(Recorded data)
====

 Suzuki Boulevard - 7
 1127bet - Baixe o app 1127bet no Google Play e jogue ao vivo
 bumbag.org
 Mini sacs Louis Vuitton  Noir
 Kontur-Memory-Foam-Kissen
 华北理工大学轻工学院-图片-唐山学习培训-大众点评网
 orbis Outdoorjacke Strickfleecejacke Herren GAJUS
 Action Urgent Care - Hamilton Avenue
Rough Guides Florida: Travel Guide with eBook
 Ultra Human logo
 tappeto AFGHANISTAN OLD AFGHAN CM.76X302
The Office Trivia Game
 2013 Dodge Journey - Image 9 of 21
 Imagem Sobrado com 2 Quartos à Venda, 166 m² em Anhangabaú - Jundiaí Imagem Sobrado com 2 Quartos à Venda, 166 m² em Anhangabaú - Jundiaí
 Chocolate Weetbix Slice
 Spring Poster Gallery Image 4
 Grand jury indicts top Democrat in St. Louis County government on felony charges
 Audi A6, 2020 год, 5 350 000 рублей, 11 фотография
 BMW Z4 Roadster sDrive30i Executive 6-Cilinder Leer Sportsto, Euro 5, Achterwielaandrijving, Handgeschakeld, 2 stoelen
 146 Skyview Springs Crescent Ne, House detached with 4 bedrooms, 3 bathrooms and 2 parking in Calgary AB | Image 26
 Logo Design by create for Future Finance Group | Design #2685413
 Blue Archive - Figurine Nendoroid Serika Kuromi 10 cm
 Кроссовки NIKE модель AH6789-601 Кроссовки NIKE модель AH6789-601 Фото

====

PROBLEM DESCRIPTION:
Among the records above, only the lines between the line holding "Mini sacs Louis" and the line holding "2013 Dodge Journey - Image 9 of 21", inclusive, are to be output, exactly as written.

ANSWER TO THIS TASK:
 Mini sacs Louis Vuitton  Noir
 Kontur-Memory-Foam-Kissen
 华北理工大学轻工学院-图片-唐山学习培训-大众点评网
 orbis Outdoorjacke Strickfleecejacke Herren GAJUS
 Action Urgent Care - Hamilton Avenue
Rough Guides Florida: Travel Guide with eBook
 Ultra Human logo
 tappeto AFGHANISTAN OLD AFGHAN CM.76X302
The Office Trivia Game
 2013 Dodge Journey - Image 9 of 21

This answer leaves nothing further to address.